Nur, können die Pläne für die Blöcke in Prora diese Entwicklung voranbringen, oder wird, was dort entsteht, den Organismus der Insel stören? Nachdem 2011 im nördlichsten Block, Block 5, der dem Landkreis Rügen gehört, eine Jugendherberge eröffnet wurde (Bauwelt 32.2011) sind nun – endlich, meinen viele auf der Insel – konkrete Pläne für zwei weitere Blöcke auf dem Tisch. 2006 hatte ein Investor die Blöcke 1 und 2 ganz im Süden des Geländes für 455.000 Euro vom Bund ersteigert. Durch das Aufstellen rechtskräftiger Bebauungspläne konnte er im vergangenen Jahr beide Blöcke gewinnträchtig weiterverkaufen. Der Preis allein von Block 1 betrug 2,75 Millionen Euro. Entstehen sollen Hotels und Eigentumswohnungen. Der B-Plan sieht auf dem Gesamtgelände 3000 Ferienbetten und 600 Wohneinheiten vor. 400 Gäste können allein schon in der Jugendherberge unterkommen.
Große Pläne für Block 1
Der Investor von Block 1, die Firma Irisgerd aus Berlin, setzt auf ein Gesamtkonzept und beauftragte dafür das ebenfalls in Berlin ansässige Architekturbüro Stuke. Drei Aufgänge werden ein Wellness-Hotel, sechs Aufgänge Eigentumswohnungen verschiedener Größe und Zimmerzahl enthalten.

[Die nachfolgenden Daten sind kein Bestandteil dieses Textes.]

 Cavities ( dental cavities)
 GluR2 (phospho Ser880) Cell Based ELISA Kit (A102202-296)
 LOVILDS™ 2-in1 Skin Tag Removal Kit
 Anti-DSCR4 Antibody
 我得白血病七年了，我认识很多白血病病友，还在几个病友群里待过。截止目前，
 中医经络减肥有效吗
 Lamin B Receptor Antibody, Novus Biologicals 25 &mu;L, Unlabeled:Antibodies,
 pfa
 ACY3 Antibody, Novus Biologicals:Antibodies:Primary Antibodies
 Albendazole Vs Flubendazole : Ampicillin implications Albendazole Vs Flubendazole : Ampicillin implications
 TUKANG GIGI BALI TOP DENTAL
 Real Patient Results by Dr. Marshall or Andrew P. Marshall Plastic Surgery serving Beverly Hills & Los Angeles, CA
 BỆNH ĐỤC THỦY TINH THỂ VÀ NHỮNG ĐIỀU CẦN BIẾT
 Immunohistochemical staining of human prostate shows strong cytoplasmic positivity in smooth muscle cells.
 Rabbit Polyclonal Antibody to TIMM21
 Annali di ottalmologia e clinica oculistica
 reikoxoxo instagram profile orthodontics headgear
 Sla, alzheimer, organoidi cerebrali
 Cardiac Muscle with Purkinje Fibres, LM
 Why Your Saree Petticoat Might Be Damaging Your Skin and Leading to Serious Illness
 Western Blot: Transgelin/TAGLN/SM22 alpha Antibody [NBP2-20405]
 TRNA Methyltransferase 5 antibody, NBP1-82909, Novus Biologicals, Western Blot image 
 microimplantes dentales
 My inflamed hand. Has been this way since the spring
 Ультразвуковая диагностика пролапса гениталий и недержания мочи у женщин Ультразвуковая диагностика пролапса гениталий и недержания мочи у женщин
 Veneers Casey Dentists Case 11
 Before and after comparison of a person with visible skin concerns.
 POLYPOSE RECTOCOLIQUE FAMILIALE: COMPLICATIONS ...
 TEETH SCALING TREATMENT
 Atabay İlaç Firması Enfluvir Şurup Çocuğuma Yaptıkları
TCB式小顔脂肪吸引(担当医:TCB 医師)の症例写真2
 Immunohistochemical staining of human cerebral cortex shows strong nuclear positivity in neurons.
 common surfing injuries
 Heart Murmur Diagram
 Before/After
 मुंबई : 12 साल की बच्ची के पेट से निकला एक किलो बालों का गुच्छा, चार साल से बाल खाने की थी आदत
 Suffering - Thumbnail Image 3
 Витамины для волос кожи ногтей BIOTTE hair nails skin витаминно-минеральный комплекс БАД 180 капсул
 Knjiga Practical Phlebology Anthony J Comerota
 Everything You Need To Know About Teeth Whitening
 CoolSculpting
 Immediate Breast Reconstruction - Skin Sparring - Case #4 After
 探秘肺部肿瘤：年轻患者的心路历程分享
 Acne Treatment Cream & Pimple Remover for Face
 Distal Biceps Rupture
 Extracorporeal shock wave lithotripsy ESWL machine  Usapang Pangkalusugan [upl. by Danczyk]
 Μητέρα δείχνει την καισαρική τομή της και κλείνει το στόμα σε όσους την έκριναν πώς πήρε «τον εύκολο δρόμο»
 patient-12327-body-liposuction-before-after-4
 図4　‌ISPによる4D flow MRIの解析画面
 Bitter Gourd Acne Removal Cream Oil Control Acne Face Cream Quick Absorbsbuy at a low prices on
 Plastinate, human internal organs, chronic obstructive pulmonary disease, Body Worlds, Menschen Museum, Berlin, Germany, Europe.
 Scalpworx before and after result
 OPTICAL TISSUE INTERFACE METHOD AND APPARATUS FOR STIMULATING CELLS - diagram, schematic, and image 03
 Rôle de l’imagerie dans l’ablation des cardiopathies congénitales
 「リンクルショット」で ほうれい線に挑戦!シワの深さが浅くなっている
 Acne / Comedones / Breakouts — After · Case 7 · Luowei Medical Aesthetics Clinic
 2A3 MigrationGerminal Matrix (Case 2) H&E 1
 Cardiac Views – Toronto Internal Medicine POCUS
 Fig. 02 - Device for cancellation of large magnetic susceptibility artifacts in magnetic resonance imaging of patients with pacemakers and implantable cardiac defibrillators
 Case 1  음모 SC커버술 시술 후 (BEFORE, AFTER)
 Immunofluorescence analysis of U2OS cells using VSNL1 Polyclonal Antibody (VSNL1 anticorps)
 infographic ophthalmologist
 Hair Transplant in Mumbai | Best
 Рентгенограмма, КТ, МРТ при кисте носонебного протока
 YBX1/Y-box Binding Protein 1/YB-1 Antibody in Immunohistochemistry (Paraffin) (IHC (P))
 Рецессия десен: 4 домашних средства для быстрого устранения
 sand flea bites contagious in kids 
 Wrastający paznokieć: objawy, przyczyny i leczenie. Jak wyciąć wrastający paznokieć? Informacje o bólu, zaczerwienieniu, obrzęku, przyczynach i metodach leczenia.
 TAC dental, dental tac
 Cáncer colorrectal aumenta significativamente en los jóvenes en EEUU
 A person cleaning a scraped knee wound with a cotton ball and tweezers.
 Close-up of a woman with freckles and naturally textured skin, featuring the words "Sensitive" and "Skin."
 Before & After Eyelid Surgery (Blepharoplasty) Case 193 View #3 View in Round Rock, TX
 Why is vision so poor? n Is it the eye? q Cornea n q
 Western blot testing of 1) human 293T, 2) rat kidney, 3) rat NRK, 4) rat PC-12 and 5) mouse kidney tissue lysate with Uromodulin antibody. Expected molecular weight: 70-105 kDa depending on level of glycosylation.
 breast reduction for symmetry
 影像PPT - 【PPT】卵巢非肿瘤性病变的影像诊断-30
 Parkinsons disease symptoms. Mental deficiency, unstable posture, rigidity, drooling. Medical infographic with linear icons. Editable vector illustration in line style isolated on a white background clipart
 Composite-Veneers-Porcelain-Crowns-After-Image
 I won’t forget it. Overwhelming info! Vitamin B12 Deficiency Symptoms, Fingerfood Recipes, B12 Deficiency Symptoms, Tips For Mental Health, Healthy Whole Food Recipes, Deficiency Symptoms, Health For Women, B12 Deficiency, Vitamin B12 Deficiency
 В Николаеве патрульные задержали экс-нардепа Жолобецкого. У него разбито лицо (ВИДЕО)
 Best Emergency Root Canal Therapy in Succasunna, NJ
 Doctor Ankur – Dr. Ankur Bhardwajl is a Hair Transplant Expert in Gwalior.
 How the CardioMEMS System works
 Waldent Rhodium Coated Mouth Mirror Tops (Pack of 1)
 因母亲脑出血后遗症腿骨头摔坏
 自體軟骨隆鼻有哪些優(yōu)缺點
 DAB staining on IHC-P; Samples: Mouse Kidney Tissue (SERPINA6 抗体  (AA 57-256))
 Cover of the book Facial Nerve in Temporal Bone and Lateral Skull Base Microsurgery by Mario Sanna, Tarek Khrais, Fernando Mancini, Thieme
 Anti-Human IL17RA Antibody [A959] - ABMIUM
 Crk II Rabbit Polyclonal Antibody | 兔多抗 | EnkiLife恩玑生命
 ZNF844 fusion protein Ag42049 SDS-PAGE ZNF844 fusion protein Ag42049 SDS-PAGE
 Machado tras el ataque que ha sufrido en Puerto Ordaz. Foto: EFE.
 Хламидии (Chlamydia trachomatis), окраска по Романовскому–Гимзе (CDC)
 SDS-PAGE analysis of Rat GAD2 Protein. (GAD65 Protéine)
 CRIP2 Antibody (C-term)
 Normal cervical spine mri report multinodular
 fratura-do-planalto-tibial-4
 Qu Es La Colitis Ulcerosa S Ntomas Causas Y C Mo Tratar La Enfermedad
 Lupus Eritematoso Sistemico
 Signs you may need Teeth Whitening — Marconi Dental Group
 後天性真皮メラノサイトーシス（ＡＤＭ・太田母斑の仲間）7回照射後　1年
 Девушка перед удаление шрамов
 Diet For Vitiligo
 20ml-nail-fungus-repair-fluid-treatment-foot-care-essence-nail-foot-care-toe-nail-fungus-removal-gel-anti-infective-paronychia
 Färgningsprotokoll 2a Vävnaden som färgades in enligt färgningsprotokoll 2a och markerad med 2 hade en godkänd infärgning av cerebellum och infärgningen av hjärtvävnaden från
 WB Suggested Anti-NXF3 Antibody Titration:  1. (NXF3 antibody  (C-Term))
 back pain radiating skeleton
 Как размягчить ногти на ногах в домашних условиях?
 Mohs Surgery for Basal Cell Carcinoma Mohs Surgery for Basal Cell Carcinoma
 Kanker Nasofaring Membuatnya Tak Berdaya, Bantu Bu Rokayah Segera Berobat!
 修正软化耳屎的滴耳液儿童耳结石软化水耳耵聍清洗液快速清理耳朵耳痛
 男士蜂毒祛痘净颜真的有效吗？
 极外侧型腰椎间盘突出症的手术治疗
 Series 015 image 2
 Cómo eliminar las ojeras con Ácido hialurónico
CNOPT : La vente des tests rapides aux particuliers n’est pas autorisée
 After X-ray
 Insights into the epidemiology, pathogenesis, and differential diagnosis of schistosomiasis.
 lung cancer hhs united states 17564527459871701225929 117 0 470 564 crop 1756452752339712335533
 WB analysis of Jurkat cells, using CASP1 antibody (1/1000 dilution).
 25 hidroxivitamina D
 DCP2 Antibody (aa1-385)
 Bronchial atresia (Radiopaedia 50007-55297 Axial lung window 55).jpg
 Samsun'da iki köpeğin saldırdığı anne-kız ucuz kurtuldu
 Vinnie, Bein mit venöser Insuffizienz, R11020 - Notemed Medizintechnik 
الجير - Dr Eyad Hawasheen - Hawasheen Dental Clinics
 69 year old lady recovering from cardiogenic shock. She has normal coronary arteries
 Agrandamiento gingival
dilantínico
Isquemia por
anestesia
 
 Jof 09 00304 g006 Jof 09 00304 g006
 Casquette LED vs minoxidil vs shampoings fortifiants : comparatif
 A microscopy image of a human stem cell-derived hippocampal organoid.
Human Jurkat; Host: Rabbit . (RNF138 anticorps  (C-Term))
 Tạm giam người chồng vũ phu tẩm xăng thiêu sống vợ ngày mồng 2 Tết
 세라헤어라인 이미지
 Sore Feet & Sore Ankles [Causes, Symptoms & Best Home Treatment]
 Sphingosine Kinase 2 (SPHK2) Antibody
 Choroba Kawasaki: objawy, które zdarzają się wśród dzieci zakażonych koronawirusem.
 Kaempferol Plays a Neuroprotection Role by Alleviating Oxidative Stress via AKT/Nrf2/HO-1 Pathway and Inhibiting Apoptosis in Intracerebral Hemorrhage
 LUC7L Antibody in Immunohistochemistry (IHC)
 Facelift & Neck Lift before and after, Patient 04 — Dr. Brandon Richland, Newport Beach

Seit Mai ist eine Musterwohnung begehbar. Schon mehr als 2000 Besucher haben einen Blick in die gute Stube geworfen. Die Architekten distanzieren sich davon, Nazi-Architektur zu interpretieren. Es sei ihnen vor allem wichtig, ein funktionsfähiges Modell für das Gebäude in seiner Umgebung zu entwickeln. So sollen Gewerbeeinheiten und Freizeiteinrichtungen in den Erdgeschossen über die „innere Straße“, die im ersten Obergeschoss beibehalten wird, ein ganzjähriges Funktionieren gewährleisten. Die vergangenen Zeitschichten werden nicht präpariert, lediglich die Treppenhäuser, mit Fahrstühlen aufgerüstet wie ursprünglich geplant, restauriert. Zudem erteilte die Denkmalschutzbehörde 2009 die Genehmigung, Balkone anzubauen und den Wärmeschutz mittels WDVS an aktuelle Standards anzupassen. Die vorgesehenen Autostellplätze könnten, um Bus-Shuttles Richtung Binzer Zentrum ergänzt, helfen, den Autoverkehr in Binz stark zu reduzieren. Mit dem Ausbau soll begonnen werden, sobald neben Teil 1 der Baugenehmigung für die Wohnungstrakte auch Teil 2 für das Hotel erteilt ist, was die Gemeinde wie die Projektentwickler für August in Aussicht stellen. Die Wohnungen werden über dem ortsüblichen Quadratmeterpreis von 2500 Euro verkauft, doch soll die steuerliche Vergünstigung der Denkmalschutz-Abschreibung (AfA) die Kaufpreise aufwiegen. Idealerweise, so Architekt Ulrich Stuke, könne der Binzer Wohnungsmangel gemindert werden, indem die Eigentümer zu ortsüblichem Preis vermieten und also ihre Vorteile weitergeben. Die Abwägung der Eigentümer, ihre Immobilie saisonal als Dienst- oder Ferienwohnung oder ganzjährig als Hauptwohnung zu vermieten, wird vermutlich von finanziellen Argumenten entschieden werden. So soll der Dämon Mammon den Dämon Nazi-Vergangenheit in Schach halten – der Denkmalwert wird zum Abschreibungsvorteil für Traumwohnungen heruntergerechnet.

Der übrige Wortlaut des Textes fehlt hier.